══ Data for this exercise ══

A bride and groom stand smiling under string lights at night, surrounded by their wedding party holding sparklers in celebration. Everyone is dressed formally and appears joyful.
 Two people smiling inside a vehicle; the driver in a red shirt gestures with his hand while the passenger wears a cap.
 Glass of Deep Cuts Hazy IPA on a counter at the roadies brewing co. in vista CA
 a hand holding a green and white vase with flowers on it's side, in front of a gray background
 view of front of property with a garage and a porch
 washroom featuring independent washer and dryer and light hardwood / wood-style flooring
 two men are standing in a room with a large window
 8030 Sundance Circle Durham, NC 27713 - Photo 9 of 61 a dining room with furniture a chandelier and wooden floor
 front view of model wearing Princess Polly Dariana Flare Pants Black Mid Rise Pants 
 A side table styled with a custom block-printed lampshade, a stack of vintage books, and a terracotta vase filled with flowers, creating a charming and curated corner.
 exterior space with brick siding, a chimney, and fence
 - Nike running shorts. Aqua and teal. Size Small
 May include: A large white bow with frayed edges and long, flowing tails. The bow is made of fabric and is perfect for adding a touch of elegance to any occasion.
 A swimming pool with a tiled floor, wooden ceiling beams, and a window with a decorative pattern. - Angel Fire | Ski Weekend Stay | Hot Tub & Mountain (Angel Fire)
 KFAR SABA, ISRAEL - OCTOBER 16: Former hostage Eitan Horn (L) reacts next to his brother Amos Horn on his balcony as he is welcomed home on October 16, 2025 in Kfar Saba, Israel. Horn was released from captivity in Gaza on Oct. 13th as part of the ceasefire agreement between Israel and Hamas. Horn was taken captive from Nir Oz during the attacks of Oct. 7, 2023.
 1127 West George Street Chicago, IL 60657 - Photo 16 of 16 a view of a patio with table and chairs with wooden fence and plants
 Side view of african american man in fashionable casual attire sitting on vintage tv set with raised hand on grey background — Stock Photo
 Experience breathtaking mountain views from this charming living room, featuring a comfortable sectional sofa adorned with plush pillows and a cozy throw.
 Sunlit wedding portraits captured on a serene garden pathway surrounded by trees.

═══

What you return must be an exact retyping of the lines above starting at the line with "Two people smiling" and ending at the line with "two men are", and nothing besides.

 Two people smiling inside a vehicle; the driver in a red shirt gestures with his hand while the passenger wears a cap.
 Glass of Deep Cuts Hazy IPA on a counter at the roadies brewing co. in vista CA
 a hand holding a green and white vase with flowers on it's side, in front of a gray background
 view of front of property with a garage and a porch
 washroom featuring independent washer and dryer and light hardwood / wood-style flooring
 two men are standing in a room with a large window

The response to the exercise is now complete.